The air traffic in the height of the season of vacations brings most revenues to the companies and this profit is incomparable with what can be earned in winter. The air company Red Wings noted that it will continue charter flights to Turkey, Egypt and Italy in October-November. Red Wings will most likely wrap up its further charter program.
Yakutia is another air company, which is experiencing serious problems. The airliner Boeing 737-700, which belongs to the U.S. company International Lease Finance Corporation (ILFC) and which arrived from Petropavlovsk-Kamchatsky on September 26, was detained at the airport in the city of Anchorage, State Alaska, the United States, to satisfy the lawsuit of the U.S. company. ILFC demands from Yakutia to pay the debts for the payments for two Boeing airliners, which were leased for seven years in 2012. The plaintiff estimated the debt at $2.6 million. The debt has amassed “over the cash deficiency caused by the seasonal decline in air traffic,” the Yakutia press service explained to the daily, pledging that the airliner will resume flights soon. Experts noted that the arrests of airliners are few. These situations take place when an air carrier does not fulfill its debt liabilities.

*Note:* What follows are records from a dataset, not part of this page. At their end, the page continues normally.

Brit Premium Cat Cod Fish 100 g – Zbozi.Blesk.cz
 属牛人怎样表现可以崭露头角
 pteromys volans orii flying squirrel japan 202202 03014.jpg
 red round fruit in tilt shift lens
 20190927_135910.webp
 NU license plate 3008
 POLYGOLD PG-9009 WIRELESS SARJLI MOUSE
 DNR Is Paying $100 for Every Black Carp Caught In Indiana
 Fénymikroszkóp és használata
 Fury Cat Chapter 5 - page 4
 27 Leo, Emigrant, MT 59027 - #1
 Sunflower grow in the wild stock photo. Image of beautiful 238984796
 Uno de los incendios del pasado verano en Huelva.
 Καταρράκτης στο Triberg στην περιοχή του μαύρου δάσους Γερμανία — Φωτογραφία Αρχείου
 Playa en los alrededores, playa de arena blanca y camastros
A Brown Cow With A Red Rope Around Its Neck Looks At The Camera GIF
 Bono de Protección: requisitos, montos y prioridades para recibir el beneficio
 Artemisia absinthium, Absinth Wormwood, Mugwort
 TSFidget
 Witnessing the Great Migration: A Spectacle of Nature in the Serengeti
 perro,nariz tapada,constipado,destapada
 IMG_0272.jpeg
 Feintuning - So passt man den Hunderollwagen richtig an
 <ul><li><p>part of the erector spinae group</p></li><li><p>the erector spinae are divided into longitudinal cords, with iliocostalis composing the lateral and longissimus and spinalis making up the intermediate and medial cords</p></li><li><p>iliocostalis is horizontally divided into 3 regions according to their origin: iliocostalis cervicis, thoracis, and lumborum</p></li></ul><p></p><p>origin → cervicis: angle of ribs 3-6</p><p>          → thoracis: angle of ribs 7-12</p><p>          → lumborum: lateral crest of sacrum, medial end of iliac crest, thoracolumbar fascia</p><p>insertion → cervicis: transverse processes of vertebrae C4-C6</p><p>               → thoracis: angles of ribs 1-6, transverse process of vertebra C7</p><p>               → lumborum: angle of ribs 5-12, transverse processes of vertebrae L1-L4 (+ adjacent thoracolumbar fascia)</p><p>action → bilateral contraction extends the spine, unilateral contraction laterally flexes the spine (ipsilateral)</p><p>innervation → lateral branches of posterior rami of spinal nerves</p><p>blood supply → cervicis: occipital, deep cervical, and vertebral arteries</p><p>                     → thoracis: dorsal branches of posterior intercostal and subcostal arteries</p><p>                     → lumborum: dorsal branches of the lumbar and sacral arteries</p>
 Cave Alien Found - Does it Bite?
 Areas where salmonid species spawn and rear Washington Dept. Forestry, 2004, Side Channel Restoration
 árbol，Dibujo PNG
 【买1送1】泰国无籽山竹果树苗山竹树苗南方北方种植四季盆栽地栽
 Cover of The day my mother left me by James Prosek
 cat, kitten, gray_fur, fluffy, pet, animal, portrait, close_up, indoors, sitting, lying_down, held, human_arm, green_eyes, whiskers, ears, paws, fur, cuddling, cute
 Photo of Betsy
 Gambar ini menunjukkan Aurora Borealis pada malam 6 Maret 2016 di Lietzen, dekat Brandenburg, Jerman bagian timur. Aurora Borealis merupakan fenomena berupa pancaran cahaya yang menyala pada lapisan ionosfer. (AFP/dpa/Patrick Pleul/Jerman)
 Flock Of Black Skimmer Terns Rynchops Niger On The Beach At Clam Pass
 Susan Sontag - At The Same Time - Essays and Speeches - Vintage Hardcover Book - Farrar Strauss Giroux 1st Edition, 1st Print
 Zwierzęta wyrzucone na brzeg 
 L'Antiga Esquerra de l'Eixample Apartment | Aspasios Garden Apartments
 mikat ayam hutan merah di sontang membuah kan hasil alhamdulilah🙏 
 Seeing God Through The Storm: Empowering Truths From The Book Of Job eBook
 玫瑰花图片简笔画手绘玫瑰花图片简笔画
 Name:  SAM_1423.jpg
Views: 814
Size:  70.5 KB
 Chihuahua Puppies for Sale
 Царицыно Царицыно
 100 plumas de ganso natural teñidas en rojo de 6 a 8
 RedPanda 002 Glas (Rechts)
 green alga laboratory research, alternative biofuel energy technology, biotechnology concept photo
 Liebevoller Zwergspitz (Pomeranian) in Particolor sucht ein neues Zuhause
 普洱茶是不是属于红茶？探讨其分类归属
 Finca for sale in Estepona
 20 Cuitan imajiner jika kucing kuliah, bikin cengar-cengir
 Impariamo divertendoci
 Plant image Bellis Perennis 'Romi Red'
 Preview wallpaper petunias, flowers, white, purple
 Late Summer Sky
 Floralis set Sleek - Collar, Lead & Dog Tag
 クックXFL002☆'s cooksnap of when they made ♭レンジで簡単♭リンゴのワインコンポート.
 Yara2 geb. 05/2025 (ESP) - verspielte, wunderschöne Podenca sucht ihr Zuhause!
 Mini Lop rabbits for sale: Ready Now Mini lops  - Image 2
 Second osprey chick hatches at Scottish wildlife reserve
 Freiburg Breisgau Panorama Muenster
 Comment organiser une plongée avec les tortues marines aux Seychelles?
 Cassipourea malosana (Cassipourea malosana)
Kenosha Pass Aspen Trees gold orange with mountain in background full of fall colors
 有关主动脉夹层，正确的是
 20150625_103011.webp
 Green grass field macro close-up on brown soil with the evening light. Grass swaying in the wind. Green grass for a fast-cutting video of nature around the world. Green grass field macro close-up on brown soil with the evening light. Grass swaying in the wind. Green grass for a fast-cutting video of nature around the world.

Despite high figures the Russian air traffic market “is living through hard times and is becoming specific,” head of the Aviaport analytical service Oleg Panteleyev noted. An obvious misbalance towards international tourist traffic exists and excessive capacity is observed, the expert added. Big players “frequently stage dumping on some routes and it is becoming more difficult for minor companies to resist it,” Panteleyev said.